In small groups, the students discuss their strategies for developing a fresh perspective. They often come up with thought-provoking ideas. One student proposed reading an author you totally disagree with to help to clarify your own position, while another said she searched for the viewpoint of the underdog. A valuable strategy is to mull on the issue overnight or use freewriting — allowing the unconscious mind to assist creativity (as RLF Consultant Fellow Heather Dyer explains here https://rlfconsultants.com/creative-insight/)
The search for inspiration is familiar to me. As a children’s non-fiction writer, I’m usually commissioned to write a specific book; it’s like being given the essay title. A couple of years ago, I decided to embark on writing adult non-fiction but struggled to find my subject. For me, it was a case of reading voraciously as always and keeping my mind and eyes open to stories from any source.
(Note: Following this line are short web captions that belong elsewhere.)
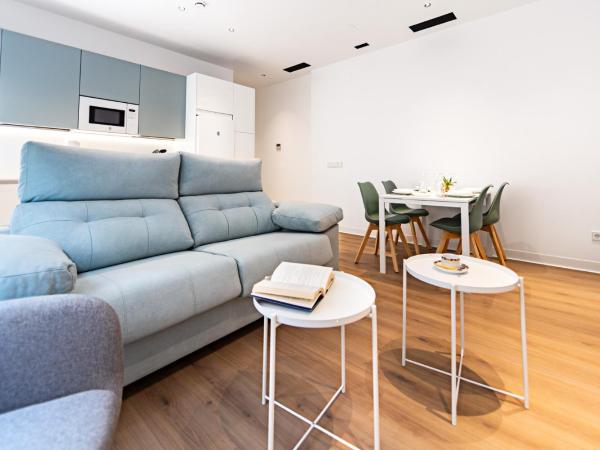 Hostal Paris : photo 10 de la chambre appartement 1 chambre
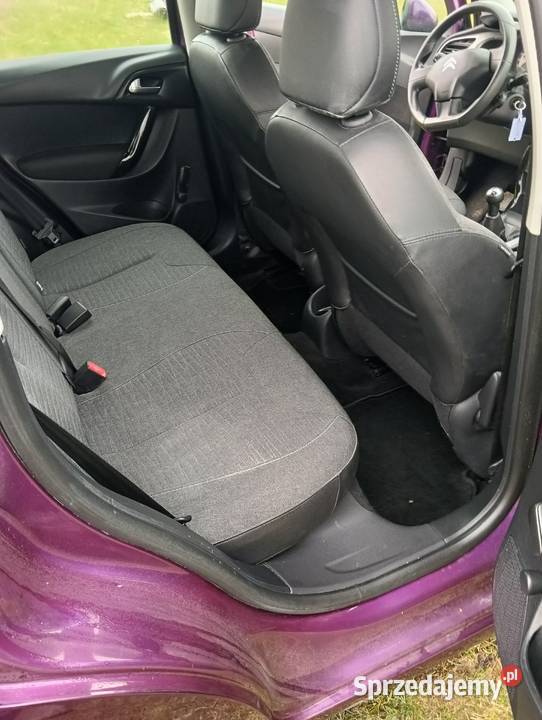 Citroen C3 stan idealny Janówek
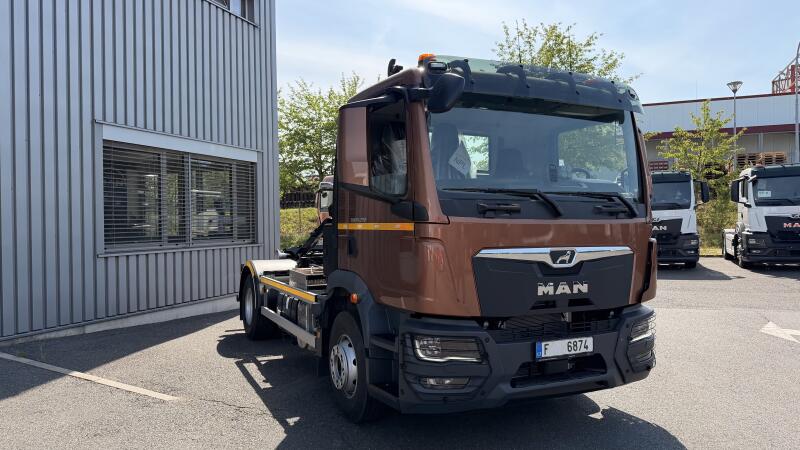 MAN TGM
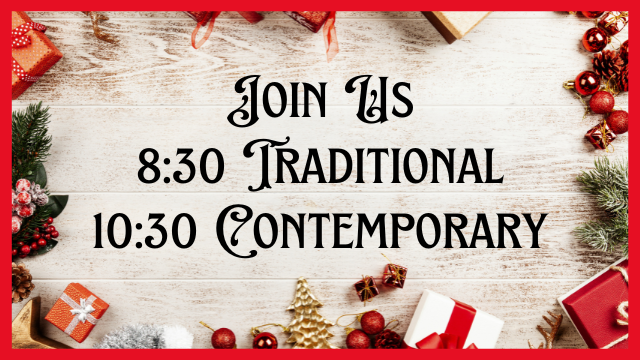 Join Us 830 Traditional 1030 Contemporary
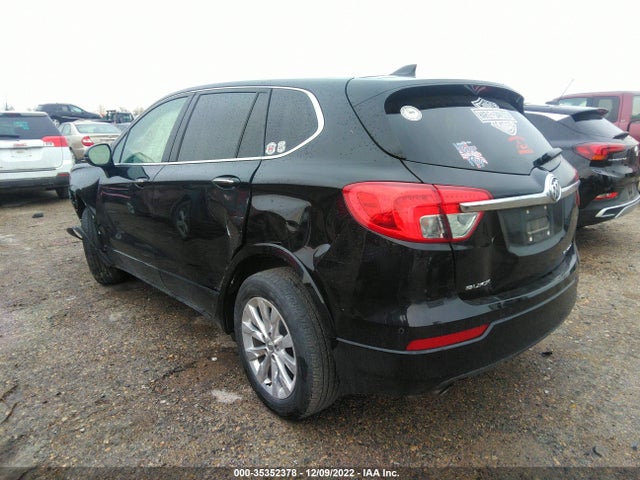 2018 Buick Envision, VIN: LRBFX1SA5JD026359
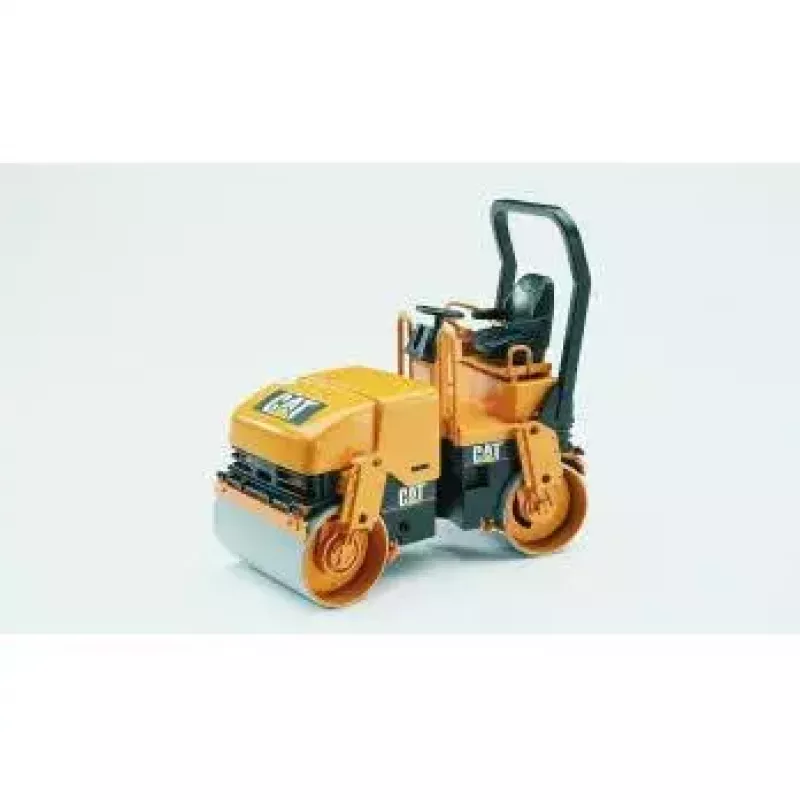 Rullo compattatore per asfalto BRUDER CAT 2433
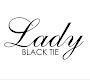 Lady Black Tie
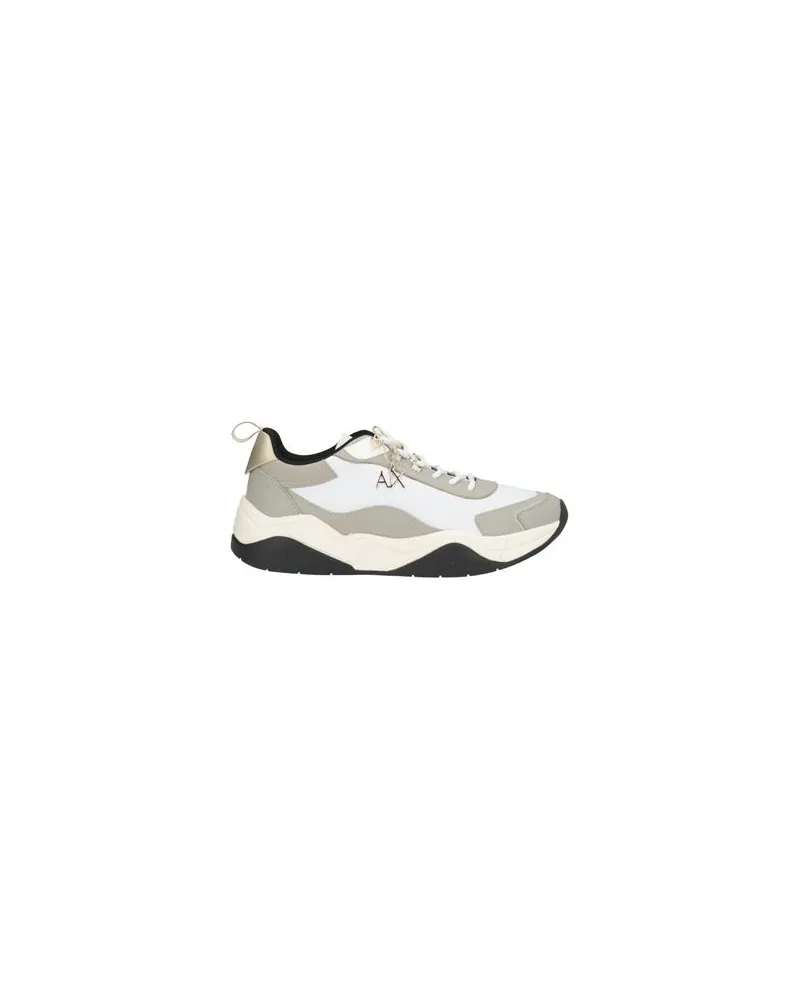 Armani Exchange SCHUHE - Sneakersauf YOOX.COM Grau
In the end, inspiration came from an art installation related to the Six-Day War in 1967. Bringing my project to fruition in time for the 50th anniversary of the conflict has involved using many of the techniques described in this blog series, including time management, working on voice and tone, getting distance from my writing and eliciting quality feedback. I hope that this year’s blogs have proved as useful to students, academics and other writers as they have to me.
This is the last of this year’s series of Top Tips and What’s Happening? blogs but they will remain available on the RLF Consultant Fellows site. A new series of blogs is planned for autumn 2017.